Persona Of The Poem example essay topic
Their presence is also identified as being a kind of contagion, the disks being "cured of their cries". This is the first of many implications of sinister nature in these birds and their association with the supernatural and divine. The ravens are also given human qualities when the persona describes them as wearing "pitch-blackened suits". This is also the first of the images of darkness and blackness that characterize the poem.
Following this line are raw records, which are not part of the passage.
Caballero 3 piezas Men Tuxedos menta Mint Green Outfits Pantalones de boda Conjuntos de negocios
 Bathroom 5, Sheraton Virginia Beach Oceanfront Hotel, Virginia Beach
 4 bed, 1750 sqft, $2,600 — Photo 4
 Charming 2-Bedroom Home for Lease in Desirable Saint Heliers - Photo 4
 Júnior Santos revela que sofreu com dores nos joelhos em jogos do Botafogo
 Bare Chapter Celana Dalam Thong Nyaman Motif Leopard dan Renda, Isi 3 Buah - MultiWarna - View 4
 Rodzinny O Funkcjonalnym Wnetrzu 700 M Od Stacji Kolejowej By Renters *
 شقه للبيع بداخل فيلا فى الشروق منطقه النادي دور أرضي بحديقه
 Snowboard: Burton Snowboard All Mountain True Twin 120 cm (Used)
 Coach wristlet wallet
In the second stanza, after it is stated the ravens "are gone", the ravens do not appear, and there are no dark or black images. The scene described in the second stanza still contains ominous element, with smoke emerging from chimneys in the form of curled fists, suggesting a kind of forceful resistance to the presence of the ravens. The missing birds are also contrasted with the blue jays that take their place. The first juxtaposition of divine and earthly elements is found in the third stanza. The use of the word "exodus" suggests a pilgrimage like that taken by the Israelites in the Old Testament, and the "collective spirit" hints at the spiritual and otherworldly role that the birds fulfill in the landscape of the poem. These terms are paired with "conflagrations of dark flames" that "singe" the persona's "dreams nightly".
The dark flames are another infernal sinister presence, haunting the persona. The use of the verb "singe" demonstrates the sensation of burning within the persona's mind. The presence of these dark shapes inhabiting the persona's dream foreshadows the vision that appears in the fourth stanza. Though it is not clear whether the persona has actually seen the place where the ravens gather or if she has seen it in her my mind, the vision of this place is revealed to the reader in the fourth stanza. This vision has at its center an image of thousands of birds flocked around a mountain. Simon creates vivid descriptive language through the alliteration in the phrases "tattering its timber-line" and "wild with wings".
Just as the ravens are implied to be contaminating the scenery in the stanza, the birds "tattering" the mountain suggests a damaging, harmful presence. In the fifth stanza, Simon employs a very powerful rhetorical device by having the persona directly question God. The ravens are described as "soaring like omens", suggesting that the gathering of birds is a portent of something ominous. In the third line of the stanza, the metaphoric image of "Their bodies obsidian flints striking softly" combines elements of both darkness ("obsidian" is a dark black volcanic rock) and fire ("flints striking softly" suggests starting a fire). This dual-purpose image is contrasted with "Heaven's resonant silence" at the beginning of the sixth stanza.
The sixth and seventh stanzas alternately compare and contrast the ravens with humans. Their voices are described as "ancient with longing, tangled and blunt" like those of humans. But the persona still feels separate from these birds, because God calls them to swarm around this mountain and experience His presence and she left to "feel alone, diminished". The birds, which are linked with infernal, somewhat sinister images throughout the poem, give "resurrected cries", as though they are redeemed through this supernatural communion with God. The persona cannot understand why these birds are summoned to do this; she is "blind / To their purpose". Appropriately, the poem's two final stanzas make its strongest rhetorical statements, but leave both the reader and the persona with their questions unanswered.
The persona states that though she has "known another world", she "cannot name it nor return there". She is mystified by her inability to have the spiritual experience that the ravens. She questions the Almighty: "Why give to ravens what You withhold from me?" When she tells God, "Your divinity divides the world", the clues from earlier in the poem lead the reader to conclude that it is a division between good and evil, between the dark, fiery bodies of the ravens and the divine force that calls them to gather around Thunder Mountain in the presence of God. The final statement of the poem is another direct address to the Almighty, and it is hardly complimentary: "You are a shadow / Massive and billowing, more secretive than death".
The persona is finally so frustrated with her disconnection from God that she pairs him with an image of darkness and links him to death, the very event that God overcame through the resurrection of his son Jesus Christ from the grave. To tell God that He is "more secretive than death" is a very strong accusation indeed, and a powerful way to conclude a poem that grapples so heavily with spiritual faith. "The Ravens" is a very unsettling poem with a strong sense of confusion and frustration conveyed through the persona. The mixing of divine and infernal images gives a sense of spiritual and religious uncertainty. The persona's struggles with faith are revealed through the way she describes the birds that give the poem its title, and highlighted by the way she finally addresses her frustration with a God that she feels is giving her no strong signals, no guidance from above.